Which lines run from the one containing "Ta wieś ma ponad" through the last line of the records? Copy them exactly, leaving pictures out.

***** INFORMATION PROVIDED *****

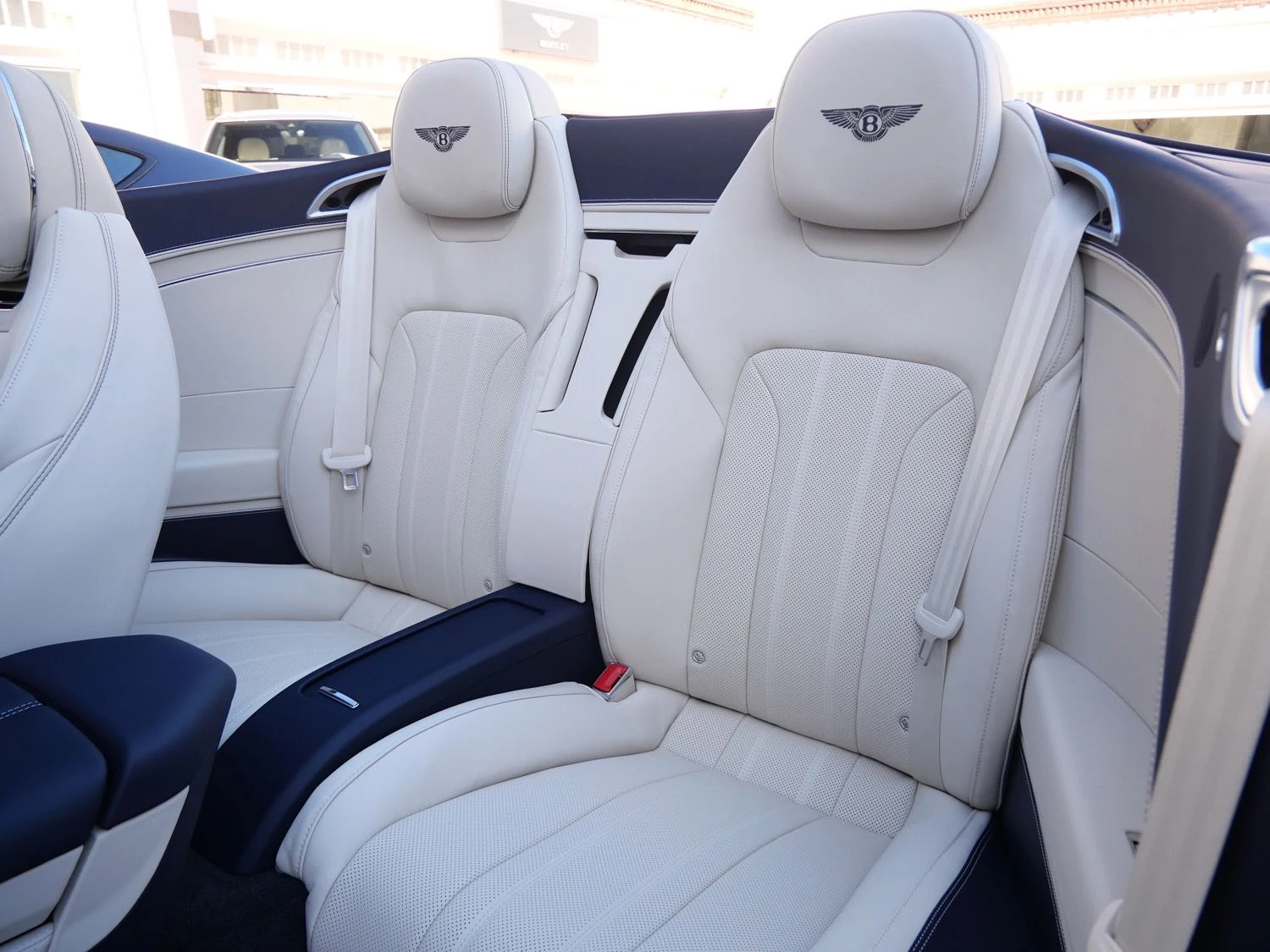 2026 Bentley Continental GTC interior, seats, Linen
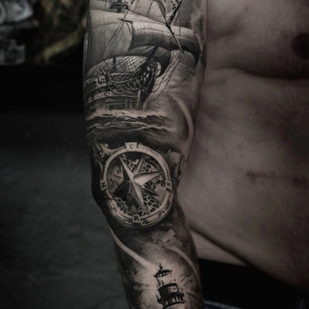 Noir et Gris Réalisme tatouage sur Manche #69767 | Artiste tatoueur Dmitriy Varlakov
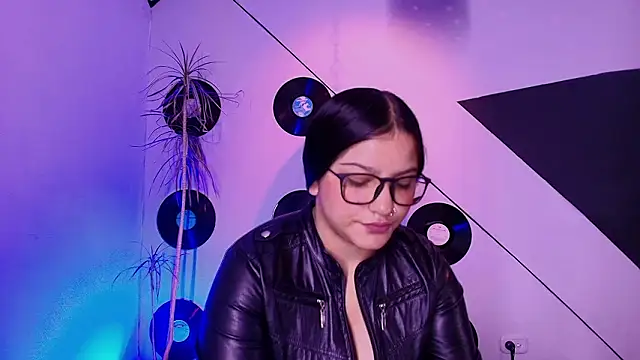 Lilith and Khloe online show from March 19, 11:25 am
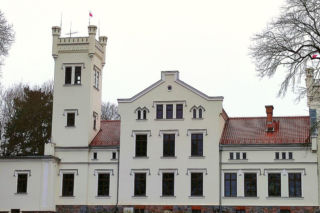 Ta wieś ma ponad 600 lat. Zachował się w niej wyjątkowy neogotycki pałac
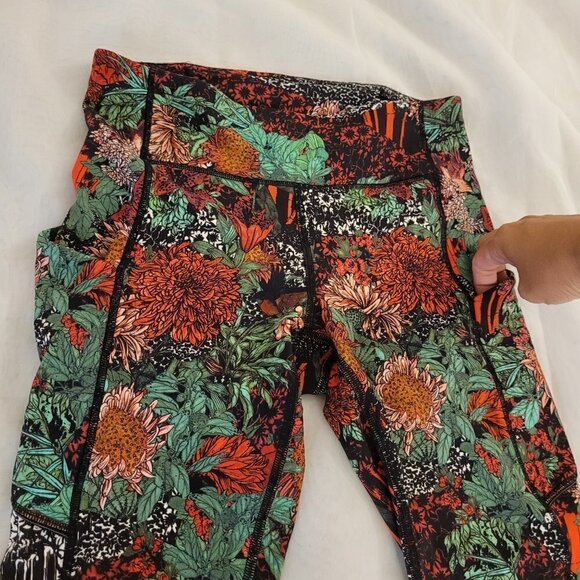 Lululemon Speed Up Tight *Full-On Luxtreme 28" Zen Garden Multi Leggings size 4 - Picture 8 of 16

*****

### [EXERCISE RESPONSE]
 Ta wieś ma ponad 600 lat. Zachował się w niej wyjątkowy neogotycki pałac
 Lululemon Speed Up Tight *Full-On Luxtreme 28" Zen Garden Multi Leggings size 4 - Picture 8 of 16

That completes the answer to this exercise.